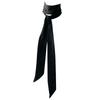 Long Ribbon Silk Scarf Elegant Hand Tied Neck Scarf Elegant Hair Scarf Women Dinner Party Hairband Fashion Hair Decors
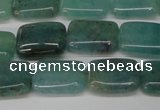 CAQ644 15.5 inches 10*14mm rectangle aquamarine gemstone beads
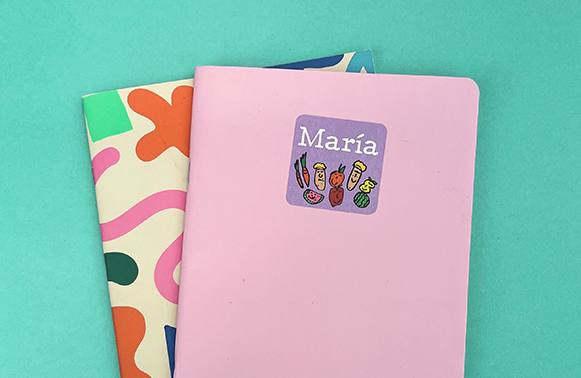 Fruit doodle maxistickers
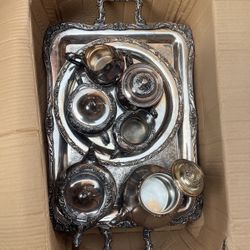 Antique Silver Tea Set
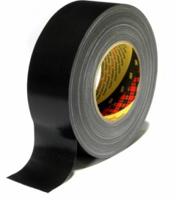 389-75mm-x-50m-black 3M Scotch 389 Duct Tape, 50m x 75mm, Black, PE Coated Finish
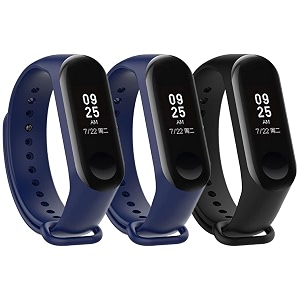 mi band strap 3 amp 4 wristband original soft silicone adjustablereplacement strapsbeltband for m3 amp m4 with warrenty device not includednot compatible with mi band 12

────

What is needed. Return all records exactly as they stand above, except for pictures.

Task output.
 Long Ribbon Silk Scarf Elegant Hand Tied Neck Scarf Elegant Hair Scarf Women Dinner Party Hairband Fashion Hair Decors
 CAQ644 15.5 inches 10*14mm rectangle aquamarine gemstone beads
 Fruit doodle maxistickers
 Antique Silver Tea Set
 389-75mm-x-50m-black 3M Scotch 389 Duct Tape, 50m x 75mm, Black, PE Coated Finish
 mi band strap 3 amp 4 wristband original soft silicone adjustablereplacement strapsbeltband for m3 amp m4 with warrenty device not includednot compatible with mi band 12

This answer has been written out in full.